Computational Auditory Scene Analysis ("CASA")

In human hearing, when two or more sounds occur at the same time, the various frequency components from each sound are received by the ear at basically the same time. This presents the problem of determining which components should be grouped together and identified as the same sound. To manage this, the human hearing system evaluates acoustic energy based on an array of characteristics or “cues” – such as pitch, frequency, intensity, onset, spatial location, and duration – which are coded in a rapid-fire series of electrical signals that the brain can recognize. The auditory areas of the brain can then sort and group the acoustic information to perceive a sound from one particular source or event. Through these cues, acoustic elements can also be grouped and linked together in time, producing an auditory stream, which can be interpreted as arising from the same sound-generating event, so we can perceive a dog barking, a person talking, or a piano playing.

The processes that allow the human auditory system to perceive and organize sound, are known as “Auditory Scene Analysis” or ASA, which is a term first coined by psychologist Albert Bregman to define the principles the human auditory system employs to organize acoustic inputs into perceptually meaningful elements.

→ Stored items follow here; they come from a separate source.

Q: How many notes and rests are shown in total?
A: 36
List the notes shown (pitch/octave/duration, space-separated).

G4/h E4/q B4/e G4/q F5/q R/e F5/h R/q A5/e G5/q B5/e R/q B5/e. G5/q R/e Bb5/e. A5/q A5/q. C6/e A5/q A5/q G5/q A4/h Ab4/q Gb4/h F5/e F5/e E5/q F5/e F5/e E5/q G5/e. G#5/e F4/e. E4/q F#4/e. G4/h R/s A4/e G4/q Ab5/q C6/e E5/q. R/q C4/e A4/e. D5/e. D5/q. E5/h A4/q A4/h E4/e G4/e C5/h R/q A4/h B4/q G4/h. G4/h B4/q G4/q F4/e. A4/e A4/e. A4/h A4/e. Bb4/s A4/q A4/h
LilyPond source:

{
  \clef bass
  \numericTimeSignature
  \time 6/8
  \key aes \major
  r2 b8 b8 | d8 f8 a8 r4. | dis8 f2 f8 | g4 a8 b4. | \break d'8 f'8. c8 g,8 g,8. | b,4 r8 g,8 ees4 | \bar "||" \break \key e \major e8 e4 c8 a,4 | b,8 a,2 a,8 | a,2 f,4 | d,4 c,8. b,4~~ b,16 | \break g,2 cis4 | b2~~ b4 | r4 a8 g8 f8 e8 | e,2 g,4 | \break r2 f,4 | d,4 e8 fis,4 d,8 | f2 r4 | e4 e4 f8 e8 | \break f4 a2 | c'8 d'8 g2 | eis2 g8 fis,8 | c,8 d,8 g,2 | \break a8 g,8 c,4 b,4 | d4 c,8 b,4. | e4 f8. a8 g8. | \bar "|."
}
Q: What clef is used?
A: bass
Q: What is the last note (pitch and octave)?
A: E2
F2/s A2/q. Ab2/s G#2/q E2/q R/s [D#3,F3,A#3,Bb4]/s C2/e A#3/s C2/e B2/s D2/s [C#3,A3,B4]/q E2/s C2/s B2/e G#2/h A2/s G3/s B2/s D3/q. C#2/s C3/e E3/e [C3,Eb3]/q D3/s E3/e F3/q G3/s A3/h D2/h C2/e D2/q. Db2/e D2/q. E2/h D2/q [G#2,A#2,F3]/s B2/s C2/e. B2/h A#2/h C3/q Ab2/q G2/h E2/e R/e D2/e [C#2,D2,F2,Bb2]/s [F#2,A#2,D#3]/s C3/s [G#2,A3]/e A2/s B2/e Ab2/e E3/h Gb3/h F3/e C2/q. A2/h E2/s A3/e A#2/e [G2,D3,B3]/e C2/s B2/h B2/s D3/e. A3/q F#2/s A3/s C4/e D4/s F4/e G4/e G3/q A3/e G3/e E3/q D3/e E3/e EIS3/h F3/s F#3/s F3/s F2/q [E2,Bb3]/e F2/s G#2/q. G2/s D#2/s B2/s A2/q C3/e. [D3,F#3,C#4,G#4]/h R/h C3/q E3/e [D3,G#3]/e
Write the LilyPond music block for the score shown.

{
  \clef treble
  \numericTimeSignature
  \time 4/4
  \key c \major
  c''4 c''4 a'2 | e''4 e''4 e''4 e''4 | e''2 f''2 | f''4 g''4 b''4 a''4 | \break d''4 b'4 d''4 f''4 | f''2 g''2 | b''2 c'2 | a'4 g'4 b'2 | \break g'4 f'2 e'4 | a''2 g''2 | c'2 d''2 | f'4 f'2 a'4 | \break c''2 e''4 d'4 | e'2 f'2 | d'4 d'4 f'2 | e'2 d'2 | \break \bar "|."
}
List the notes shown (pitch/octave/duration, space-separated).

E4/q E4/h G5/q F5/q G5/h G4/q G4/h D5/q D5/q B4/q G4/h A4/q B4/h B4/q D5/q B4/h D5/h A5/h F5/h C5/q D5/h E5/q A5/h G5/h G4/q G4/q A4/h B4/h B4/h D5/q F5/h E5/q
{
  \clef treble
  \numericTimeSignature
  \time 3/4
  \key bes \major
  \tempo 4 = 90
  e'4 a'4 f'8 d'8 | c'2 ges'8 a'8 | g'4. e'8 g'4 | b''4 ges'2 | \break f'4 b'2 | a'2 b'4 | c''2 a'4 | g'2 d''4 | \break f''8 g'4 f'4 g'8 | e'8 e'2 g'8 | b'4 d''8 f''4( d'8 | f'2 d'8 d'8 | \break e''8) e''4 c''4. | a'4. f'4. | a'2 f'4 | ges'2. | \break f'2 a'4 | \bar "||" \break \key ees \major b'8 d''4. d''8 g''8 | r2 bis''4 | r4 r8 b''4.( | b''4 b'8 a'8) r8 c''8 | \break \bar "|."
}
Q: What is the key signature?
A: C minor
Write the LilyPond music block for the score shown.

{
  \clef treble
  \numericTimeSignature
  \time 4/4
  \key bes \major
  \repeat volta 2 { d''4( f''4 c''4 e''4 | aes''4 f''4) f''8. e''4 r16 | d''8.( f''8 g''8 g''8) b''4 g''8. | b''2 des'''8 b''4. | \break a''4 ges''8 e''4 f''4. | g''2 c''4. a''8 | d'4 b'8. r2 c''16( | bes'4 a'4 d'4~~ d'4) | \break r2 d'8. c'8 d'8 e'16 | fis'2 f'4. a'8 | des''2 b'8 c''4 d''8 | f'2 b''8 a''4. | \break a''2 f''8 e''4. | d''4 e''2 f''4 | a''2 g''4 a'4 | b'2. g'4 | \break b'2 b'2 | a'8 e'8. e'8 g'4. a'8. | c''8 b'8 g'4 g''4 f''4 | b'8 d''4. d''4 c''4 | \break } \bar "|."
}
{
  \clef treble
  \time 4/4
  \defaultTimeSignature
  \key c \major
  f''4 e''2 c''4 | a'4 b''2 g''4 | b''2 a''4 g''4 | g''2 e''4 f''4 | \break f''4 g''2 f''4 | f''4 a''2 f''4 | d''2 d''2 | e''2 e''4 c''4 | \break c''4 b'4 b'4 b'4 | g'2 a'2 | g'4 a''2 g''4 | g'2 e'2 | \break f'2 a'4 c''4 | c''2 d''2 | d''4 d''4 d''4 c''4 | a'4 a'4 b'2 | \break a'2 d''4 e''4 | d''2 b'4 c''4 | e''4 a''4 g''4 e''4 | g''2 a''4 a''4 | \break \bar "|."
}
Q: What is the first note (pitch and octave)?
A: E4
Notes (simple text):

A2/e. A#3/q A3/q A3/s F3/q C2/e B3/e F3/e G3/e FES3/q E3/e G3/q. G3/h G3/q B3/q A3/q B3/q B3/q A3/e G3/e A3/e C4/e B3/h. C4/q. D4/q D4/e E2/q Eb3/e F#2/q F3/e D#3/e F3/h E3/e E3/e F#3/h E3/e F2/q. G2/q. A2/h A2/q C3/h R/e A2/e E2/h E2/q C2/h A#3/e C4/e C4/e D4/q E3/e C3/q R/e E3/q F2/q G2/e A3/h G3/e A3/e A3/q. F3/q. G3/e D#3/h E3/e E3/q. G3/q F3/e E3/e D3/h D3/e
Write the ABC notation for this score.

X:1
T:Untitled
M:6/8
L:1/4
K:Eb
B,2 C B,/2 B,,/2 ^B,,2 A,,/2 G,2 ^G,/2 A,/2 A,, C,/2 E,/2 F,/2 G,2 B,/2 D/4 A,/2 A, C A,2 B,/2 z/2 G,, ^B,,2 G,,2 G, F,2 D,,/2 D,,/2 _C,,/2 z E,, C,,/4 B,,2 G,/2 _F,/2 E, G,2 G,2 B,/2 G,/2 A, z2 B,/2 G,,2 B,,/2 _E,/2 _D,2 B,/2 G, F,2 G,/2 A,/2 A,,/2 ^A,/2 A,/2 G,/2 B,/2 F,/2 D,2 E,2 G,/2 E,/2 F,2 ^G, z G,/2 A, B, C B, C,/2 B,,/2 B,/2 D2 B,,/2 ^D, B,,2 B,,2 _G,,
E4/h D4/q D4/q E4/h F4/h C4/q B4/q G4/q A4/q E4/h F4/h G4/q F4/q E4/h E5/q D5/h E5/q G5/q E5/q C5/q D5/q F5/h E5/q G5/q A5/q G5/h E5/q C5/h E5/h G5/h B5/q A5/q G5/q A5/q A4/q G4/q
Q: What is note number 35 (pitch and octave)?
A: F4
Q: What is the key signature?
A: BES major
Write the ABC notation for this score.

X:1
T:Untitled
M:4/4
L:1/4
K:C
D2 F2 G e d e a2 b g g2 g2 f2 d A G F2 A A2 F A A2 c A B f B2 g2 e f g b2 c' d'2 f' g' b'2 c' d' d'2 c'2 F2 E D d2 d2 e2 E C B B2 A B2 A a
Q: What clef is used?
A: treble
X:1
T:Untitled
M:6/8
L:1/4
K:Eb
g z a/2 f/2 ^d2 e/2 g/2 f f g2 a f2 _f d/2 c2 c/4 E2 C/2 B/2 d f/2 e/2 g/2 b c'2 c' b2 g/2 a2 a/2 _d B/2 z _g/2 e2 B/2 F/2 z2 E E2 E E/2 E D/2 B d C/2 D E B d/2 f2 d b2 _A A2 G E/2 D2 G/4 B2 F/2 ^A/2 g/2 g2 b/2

Through ASA, we can accurately group sounds – even when comprised of multiple frequencies, as in music, or when heard simultaneously – and avoid blending sources that should be perceived as coming from separate sound sources or events. As a result, ASA allows you to correctly distinguish and identify a sound of interest, like a voice, from other noise sources. For example, we can reject all the other voices, music and noise at a party, in order to selectively listen to just one conversation.

This is a well-known illustration of ASA, often referred to as the “cocktail party effect”. The “cocktail party effect” illustrates our ability to focus attention on one person talking, or a single noise source, and block out the surrounding noise. This same ability enables us to hear and converse even in a noisy place, such as a crowded café or a busy street.

Audience is a pioneer in developing commercial products based on the principles of ASA, employing the science of “Computational Auditory Scene Analysis” or CASA – the field of study that attempts to recreate sound source separation in the same manner as human hearing in machines. Using CASA, Audience’s earSmart Advanced Voice processor is able to mimic the processes of human hearing to accurately characterize and group complex mixtures of sound into “sources”, based on a diverse list of cues such as pitch, onset/offset time, spatial location and harmonicity. The processor evaluates these groupings to correctly identify and isolate the primary voice signal or conversation. Dozens of grouping principles underlie CASA. But these can be broadly categorized into those that operate across time, and those that operate across frequency. In addition, learned patterns play an important role. The job of CASA is to group incoming sensory information to form an accurate representation of the environmental sounds. Regardless of whether a sound source is steady and constant, or transitory and moving, a CASA based system handles each effectively. But before these processes can take place, the sound signals collected by the two microphones and arriving to the earSmart voice processor must be digitized and then transformed to the frequency domain. We accomplish this transformation through the Fast Cochlea Transform™.